## WORK TASK
Return the lines below in which the string "Storage" occurs.

(Data items)

Content starts

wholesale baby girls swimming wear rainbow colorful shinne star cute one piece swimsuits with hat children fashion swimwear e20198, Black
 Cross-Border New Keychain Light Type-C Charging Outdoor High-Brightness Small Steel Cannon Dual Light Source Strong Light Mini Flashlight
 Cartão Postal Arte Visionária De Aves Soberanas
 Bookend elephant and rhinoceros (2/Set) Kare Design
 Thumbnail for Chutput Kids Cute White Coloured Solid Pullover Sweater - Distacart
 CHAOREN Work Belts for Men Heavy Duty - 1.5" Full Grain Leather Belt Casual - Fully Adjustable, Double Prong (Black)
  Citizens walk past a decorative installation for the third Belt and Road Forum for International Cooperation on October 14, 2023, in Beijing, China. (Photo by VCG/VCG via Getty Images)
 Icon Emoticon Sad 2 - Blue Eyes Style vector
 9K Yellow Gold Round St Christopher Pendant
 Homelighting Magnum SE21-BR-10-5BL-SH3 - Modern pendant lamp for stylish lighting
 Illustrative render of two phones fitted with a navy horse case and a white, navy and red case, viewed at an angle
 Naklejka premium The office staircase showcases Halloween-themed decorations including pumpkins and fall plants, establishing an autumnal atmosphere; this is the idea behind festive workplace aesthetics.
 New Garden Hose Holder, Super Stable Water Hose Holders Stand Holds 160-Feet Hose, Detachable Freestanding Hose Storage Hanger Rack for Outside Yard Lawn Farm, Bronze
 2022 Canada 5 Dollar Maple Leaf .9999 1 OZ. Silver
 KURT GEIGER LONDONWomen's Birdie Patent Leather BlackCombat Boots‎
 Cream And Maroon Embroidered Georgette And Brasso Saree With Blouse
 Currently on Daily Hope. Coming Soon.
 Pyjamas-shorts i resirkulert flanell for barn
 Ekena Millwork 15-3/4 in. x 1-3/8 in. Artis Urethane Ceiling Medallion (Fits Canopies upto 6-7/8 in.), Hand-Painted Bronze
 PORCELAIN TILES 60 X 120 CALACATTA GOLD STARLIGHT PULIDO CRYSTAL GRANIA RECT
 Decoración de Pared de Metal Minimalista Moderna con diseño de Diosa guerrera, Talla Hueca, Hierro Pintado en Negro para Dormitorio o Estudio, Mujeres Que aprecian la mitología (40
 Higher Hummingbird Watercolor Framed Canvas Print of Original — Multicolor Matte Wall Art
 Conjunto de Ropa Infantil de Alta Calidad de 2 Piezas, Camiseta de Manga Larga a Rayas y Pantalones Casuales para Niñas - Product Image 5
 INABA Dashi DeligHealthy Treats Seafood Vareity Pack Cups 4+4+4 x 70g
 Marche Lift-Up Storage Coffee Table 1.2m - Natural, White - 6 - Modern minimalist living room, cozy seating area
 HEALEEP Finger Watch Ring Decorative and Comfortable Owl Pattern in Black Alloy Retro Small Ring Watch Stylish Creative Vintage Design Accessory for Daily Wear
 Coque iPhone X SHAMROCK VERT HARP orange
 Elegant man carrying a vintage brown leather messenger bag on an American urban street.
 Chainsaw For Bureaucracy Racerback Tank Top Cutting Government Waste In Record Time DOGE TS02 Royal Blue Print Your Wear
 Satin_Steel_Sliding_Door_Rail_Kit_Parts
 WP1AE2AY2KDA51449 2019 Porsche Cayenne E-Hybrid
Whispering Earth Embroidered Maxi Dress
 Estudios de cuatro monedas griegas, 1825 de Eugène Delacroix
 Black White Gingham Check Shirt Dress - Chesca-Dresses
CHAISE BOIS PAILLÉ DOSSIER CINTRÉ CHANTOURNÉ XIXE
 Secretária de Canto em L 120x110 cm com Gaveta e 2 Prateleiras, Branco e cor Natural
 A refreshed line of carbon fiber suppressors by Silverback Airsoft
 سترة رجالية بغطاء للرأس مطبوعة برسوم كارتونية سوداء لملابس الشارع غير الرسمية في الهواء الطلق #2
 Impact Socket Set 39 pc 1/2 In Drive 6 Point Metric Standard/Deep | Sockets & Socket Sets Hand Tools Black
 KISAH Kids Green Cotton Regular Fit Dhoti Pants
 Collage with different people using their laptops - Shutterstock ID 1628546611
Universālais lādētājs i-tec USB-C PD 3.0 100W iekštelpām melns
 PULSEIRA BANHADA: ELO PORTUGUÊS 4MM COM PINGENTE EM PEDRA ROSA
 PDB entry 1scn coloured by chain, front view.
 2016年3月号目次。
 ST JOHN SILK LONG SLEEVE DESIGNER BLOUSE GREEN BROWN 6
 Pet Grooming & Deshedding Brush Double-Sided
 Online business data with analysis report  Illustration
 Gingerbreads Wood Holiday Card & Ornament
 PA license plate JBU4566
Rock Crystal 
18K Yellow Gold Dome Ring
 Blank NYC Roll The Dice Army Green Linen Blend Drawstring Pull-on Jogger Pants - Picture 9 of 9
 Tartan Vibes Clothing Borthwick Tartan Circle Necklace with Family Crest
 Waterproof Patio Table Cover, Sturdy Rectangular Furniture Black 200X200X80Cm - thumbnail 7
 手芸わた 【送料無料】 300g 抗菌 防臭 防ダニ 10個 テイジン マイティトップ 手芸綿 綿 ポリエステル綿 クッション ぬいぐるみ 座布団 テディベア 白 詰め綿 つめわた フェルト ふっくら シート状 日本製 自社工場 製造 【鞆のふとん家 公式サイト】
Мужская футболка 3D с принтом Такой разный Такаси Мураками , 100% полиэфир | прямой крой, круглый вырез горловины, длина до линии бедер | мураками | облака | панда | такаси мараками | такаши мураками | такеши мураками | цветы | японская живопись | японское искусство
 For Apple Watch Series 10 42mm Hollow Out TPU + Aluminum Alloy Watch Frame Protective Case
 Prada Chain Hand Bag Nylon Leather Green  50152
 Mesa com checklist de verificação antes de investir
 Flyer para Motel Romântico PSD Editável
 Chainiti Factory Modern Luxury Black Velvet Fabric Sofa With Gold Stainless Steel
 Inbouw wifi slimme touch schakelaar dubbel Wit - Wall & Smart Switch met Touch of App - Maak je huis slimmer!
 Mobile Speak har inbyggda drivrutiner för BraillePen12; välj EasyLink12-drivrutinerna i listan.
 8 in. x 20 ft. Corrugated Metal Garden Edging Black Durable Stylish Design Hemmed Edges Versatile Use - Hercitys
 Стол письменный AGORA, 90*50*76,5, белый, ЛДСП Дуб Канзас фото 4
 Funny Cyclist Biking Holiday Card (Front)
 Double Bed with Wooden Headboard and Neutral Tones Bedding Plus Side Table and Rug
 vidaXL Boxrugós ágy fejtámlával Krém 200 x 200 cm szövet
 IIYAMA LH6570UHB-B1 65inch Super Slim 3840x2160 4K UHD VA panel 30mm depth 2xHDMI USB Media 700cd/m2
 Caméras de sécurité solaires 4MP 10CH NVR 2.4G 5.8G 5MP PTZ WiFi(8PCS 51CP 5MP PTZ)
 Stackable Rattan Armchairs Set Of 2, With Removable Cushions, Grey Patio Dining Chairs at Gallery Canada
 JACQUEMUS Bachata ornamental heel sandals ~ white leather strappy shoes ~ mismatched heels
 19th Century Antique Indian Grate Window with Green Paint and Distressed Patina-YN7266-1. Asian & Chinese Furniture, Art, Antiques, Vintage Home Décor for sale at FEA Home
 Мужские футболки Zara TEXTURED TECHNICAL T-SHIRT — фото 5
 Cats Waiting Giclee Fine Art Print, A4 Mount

Content ends

## RESPONSE TO THIS EXERCISE
 New Garden Hose Holder, Super Stable Water Hose Holders Stand Holds 160-Feet Hose, Detachable Freestanding Hose Storage Hanger Rack for Outside Yard Lawn Farm, Bronze
 Marche Lift-Up Storage Coffee Table 1.2m - Natural, White - 6 - Modern minimalist living room, cozy seating area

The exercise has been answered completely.